Alguma energia positiva me dizia para aceitar ao pedido e outra energia negativa dizia para não aceitar.
Ou talvez a energia positiva é que mandava negar, e a negativa mandava aceitar.
Porque está claro que aquilo era errado.
Mas uma vez não faz mal a ninguém.
Vamos amigo, disse.
Enquanto segurava a criança às mãos, perguntei-a o nome só para me certificar, e no mesmo instante uma chuva de reflexões começou a cair sobre mim: o angolano adora fazer esquemas.
O esquema, tal como já disse Epalanga, “é o que nos faz ser verdadeiramente angolanos.”
E naquele momento eu só já pensava em como levar a cabo uma mentira até ao fim, e o que dizer se por ventura me viessem fazer perguntas a respeito da criança que carregava comigo.
Já dentro do autocarro, e passado algum tempo, os agentes da viagem dirigem-se aos bancos dos passageiros para cobrar os respectivos bilhetes.
Embora tenhamos mostrado na porta, antes de subir, fazem esta vistoria protocolar apenas para garantir que esteja tudo em conformidade.
Convencido de que estava tudo bem, porque conseguimos entrar, e não se passava nada de anormal, pusemo-nos a rir, depois de o homem cumprir com os cerimoniais agradecimentos.
Não se passar nada seria o procedimento mais normal num país com quase inexistente fiscalização, exceto quando se trata de pôr a correr as zungueiras. Mas este é já assunto de outra conversa.
Entretanto, lembro agora que nem sequer perguntei o nome do pai, nem ele perguntou me o meu, mas conversámos toda a viagem, como dois velhos amigos abordo de uma aventura com as filhas.
Isso é algo que a príncipio deve soar esquisito para uma mulher, visto que elas não conseguem, ou têm certa limitação em conversar com um estranho por longo período.
Mas para alimentar a fogueira do esquema, e mantê-lo sério, ficamos inventando assuntos para não dar bandeira.
Fala-me de Malange, mano.
Assim que o carro começou a andar, como se fosse algo combinado, todos os passageiros fizeram um silêncio de época que deu total liberdade aos motores daquele Marcopolo demonstrarem a sua fúria. E já não se ouviu mais nada.
Existem duas coisas que devo dizer sobre viajar à noite.

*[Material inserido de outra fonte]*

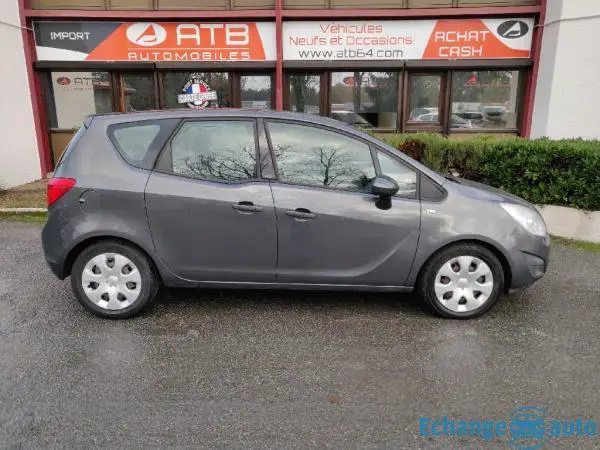 OPEL MERIVA 1.7 CDTI - 110 FAP Enjoy 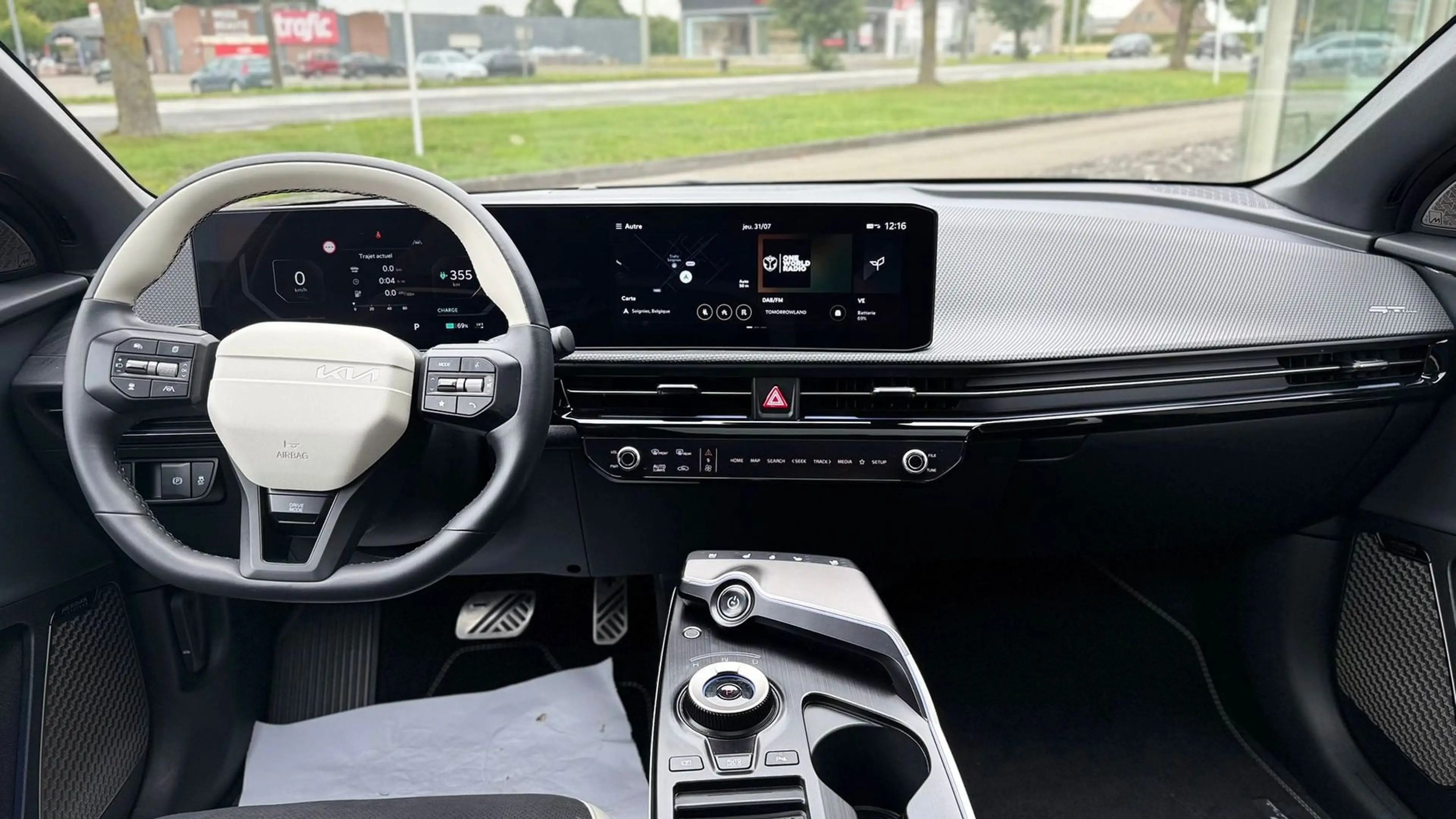 Kia EV6 77,4kWh RWD GT-Line — photo 15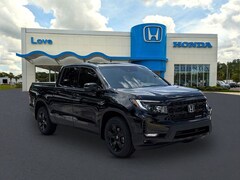 2026 Honda Ridgeline Black Edition Truck Crew Cab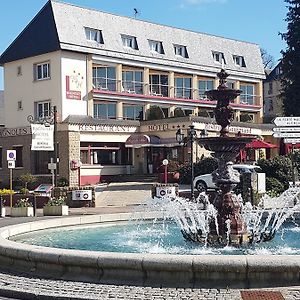 Bagnoles Hotel - Contact Hotel Bagnoles de l'Orne Normandie Exterior photo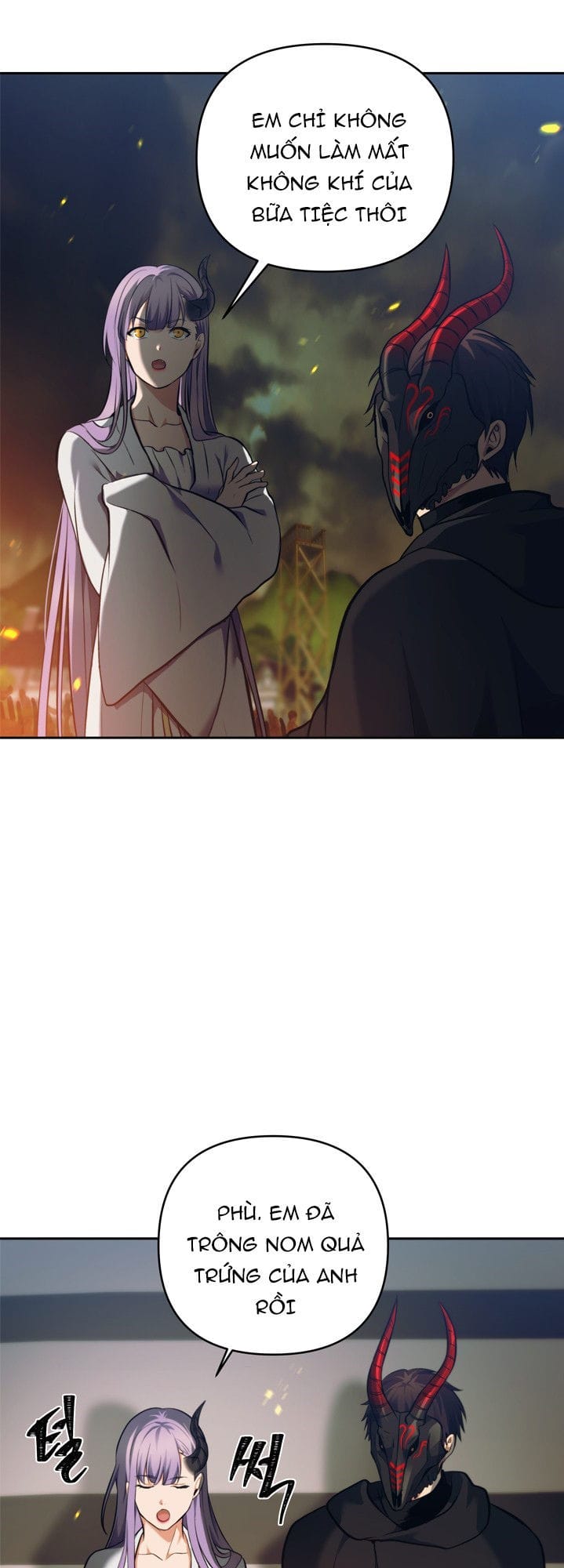 Truyện Tranh Vua Thăng Cấp trang 6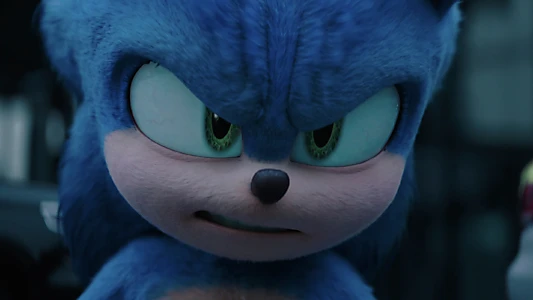 Sonic the Hedgehog 3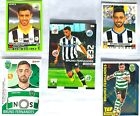 Bruno Fernandes Rookie Lot Udinese Sporting Lisbona Sticker Panini Soccer Card
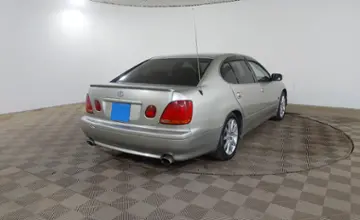 Lexus GS 2002 года за 2 890 000 тг. в Шымкент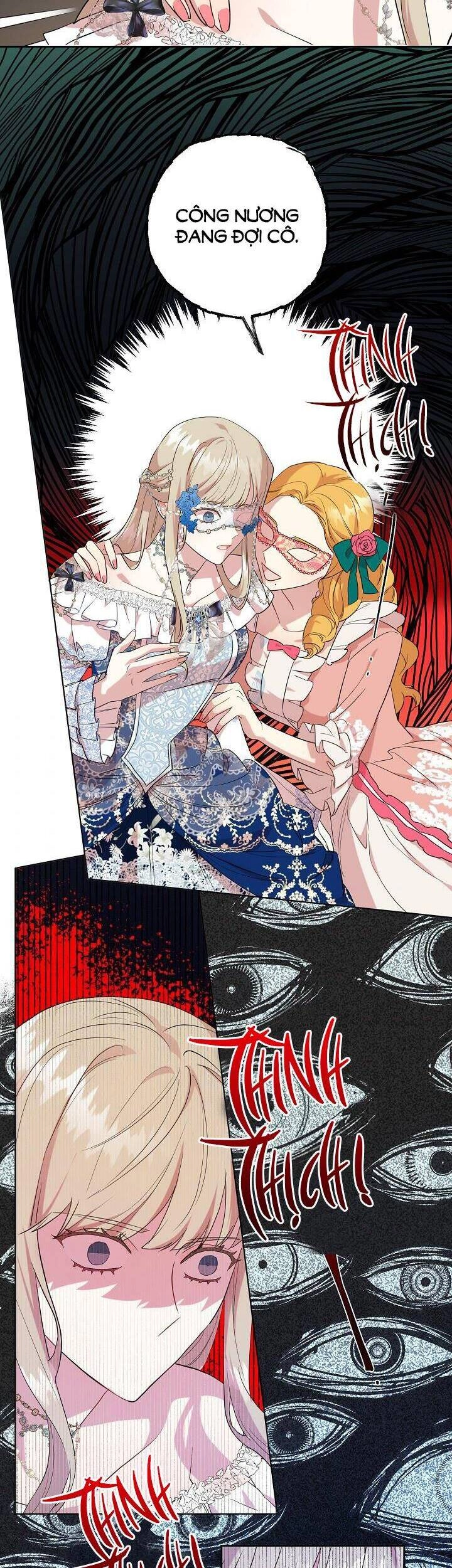 Xin Ngài Đừng Ăn Tôi. Chapter 56 - 18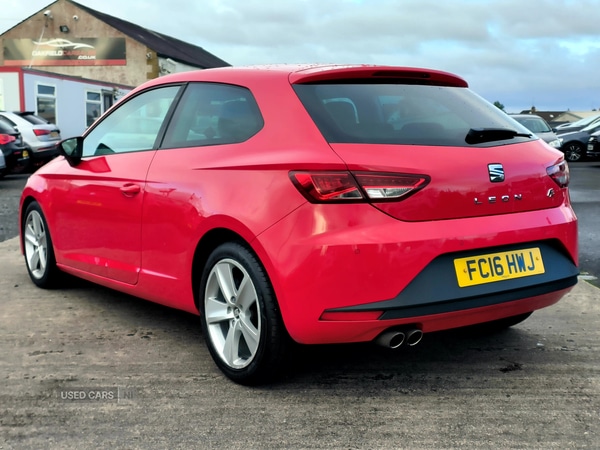 Used SEAT Leon 2016 for sale - 76965756: Photo 2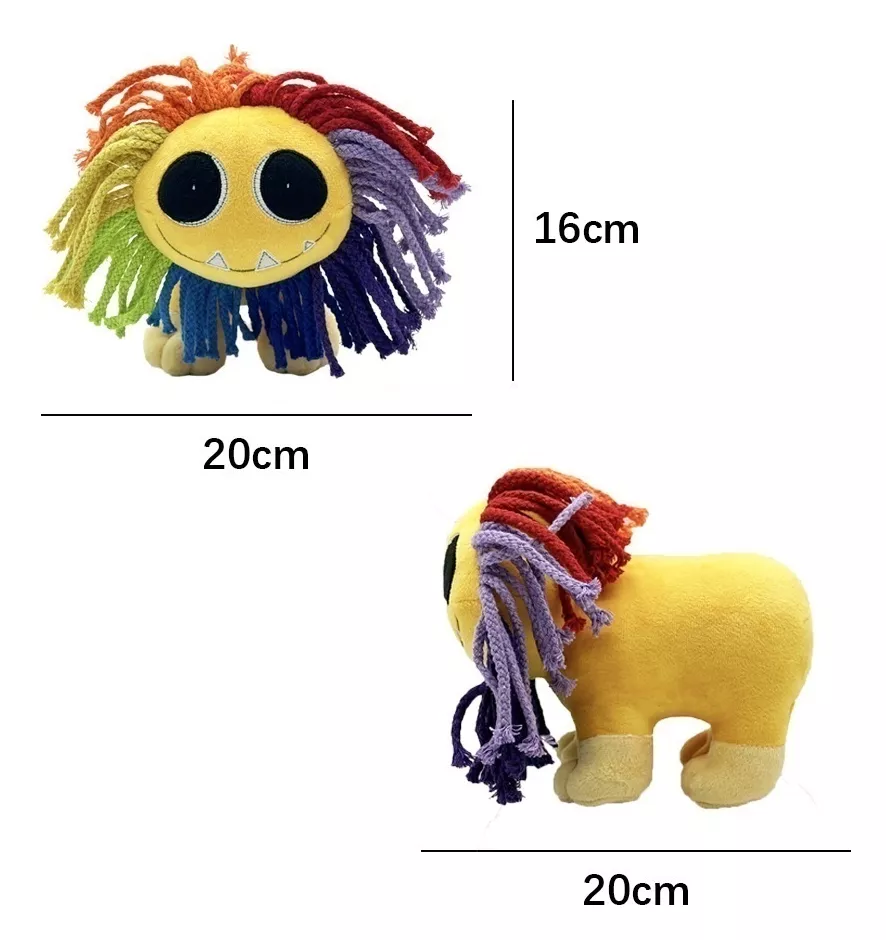 Yarnaby Peluche Poppy Playtime 4-4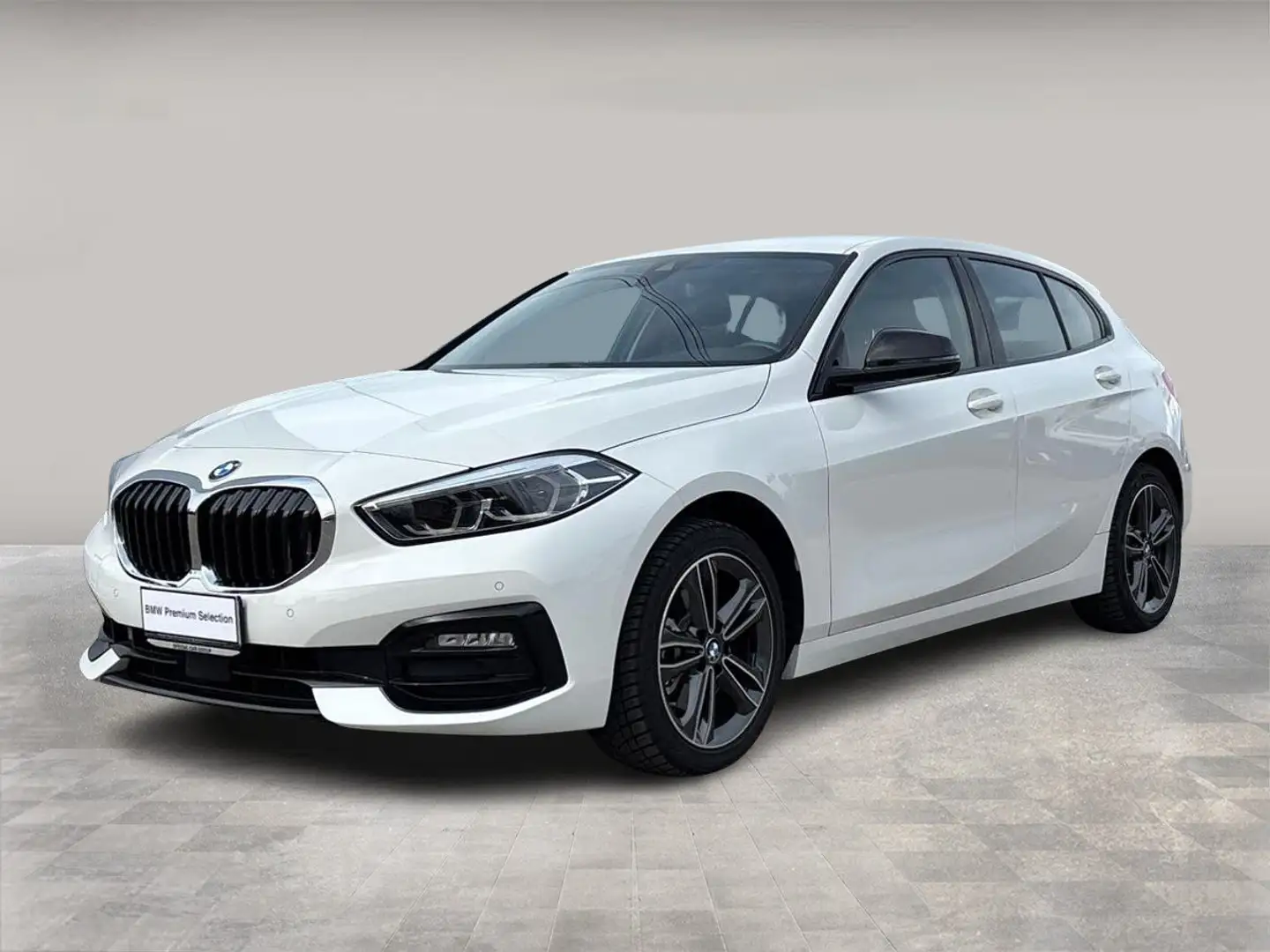 BMW 116 116d 5p. Sport Wit - 1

Primeiro, é terapêutico e libertador.
E segundo, esta libertação traz consigo algumas superstições que acabam gerando medos desnecessários, ou não.
Por exemplo, não ver o balançar das árvores, enquanto as contemplava foi algo absurdamente assustador e era visível o pavor no meu rosto ao ver aquela estaticidade que elas se mantinham.
E fiquei a pensar, será que de noite as árvores ficam dormindo, ou o que significava aquilo tudo? Uma pergunta que nunca merece resposta nível científico, porque viajar é isso também: um momento para exercitar a prática de reflexão, com perspetivas de entendermos a nossa própria vida.